Segment Open

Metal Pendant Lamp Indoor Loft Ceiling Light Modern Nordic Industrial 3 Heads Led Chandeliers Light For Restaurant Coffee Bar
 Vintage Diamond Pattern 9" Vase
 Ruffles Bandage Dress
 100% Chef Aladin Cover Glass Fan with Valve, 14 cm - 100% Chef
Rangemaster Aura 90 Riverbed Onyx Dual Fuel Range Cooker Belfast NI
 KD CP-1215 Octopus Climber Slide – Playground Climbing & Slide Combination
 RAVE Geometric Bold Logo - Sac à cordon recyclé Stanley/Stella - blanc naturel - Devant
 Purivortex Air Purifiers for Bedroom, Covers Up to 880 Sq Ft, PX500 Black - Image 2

Segment Closed

Beginning at the first line above, repeat exactly until the line containing "RAVE Geometric Bold", which is included.

§ EXPECTED ANSWER:
Metal Pendant Lamp Indoor Loft Ceiling Light Modern Nordic Industrial 3 Heads Led Chandeliers Light For Restaurant Coffee Bar
 Vintage Diamond Pattern 9" Vase
 Ruffles Bandage Dress
 100% Chef Aladin Cover Glass Fan with Valve, 14 cm - 100% Chef
Rangemaster Aura 90 Riverbed Onyx Dual Fuel Range Cooker Belfast NI
 KD CP-1215 Octopus Climber Slide – Playground Climbing & Slide Combination
 RAVE Geometric Bold Logo - Sac à cordon recyclé Stanley/Stella - blanc naturel - Devant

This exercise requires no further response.